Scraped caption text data
******************************
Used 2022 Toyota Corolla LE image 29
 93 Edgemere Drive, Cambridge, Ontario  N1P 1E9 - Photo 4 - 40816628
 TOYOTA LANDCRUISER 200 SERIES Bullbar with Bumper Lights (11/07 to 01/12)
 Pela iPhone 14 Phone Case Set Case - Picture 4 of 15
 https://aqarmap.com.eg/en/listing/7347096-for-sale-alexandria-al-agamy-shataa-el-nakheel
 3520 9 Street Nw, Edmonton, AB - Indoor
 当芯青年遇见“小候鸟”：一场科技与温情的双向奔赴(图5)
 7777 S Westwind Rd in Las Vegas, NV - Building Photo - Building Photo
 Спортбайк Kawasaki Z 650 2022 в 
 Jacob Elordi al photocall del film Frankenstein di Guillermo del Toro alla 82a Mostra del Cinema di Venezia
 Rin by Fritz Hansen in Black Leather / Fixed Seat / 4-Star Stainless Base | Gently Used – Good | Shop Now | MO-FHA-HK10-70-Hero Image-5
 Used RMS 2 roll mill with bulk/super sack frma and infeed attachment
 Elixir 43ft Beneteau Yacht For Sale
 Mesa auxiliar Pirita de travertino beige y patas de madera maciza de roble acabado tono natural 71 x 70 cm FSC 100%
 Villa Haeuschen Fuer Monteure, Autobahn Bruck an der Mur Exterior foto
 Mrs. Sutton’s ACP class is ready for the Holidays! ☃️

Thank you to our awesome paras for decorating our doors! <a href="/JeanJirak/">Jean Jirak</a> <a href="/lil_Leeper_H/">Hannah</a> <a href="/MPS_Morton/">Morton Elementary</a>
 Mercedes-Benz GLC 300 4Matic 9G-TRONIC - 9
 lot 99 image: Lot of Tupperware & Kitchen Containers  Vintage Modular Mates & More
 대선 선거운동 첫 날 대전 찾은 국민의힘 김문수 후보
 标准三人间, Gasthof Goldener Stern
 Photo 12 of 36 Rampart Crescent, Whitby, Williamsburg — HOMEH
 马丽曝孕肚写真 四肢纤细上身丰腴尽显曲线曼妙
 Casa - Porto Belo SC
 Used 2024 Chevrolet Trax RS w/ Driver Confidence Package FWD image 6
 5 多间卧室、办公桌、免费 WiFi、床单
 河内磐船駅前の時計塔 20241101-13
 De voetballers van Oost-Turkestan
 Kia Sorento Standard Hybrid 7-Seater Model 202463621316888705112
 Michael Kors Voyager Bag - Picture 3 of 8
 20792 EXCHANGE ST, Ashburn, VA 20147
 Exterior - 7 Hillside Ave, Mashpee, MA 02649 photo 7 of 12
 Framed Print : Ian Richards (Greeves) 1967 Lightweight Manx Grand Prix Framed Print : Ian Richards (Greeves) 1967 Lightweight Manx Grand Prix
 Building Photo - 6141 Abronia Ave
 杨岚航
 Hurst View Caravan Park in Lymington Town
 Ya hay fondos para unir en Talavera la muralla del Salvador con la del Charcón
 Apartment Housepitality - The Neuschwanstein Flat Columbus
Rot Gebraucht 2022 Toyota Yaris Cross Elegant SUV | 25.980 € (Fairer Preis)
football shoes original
******************************
*Aim of the exercise*
State the number of lines in the records that include "with", and write nothing else.

*Answer*
2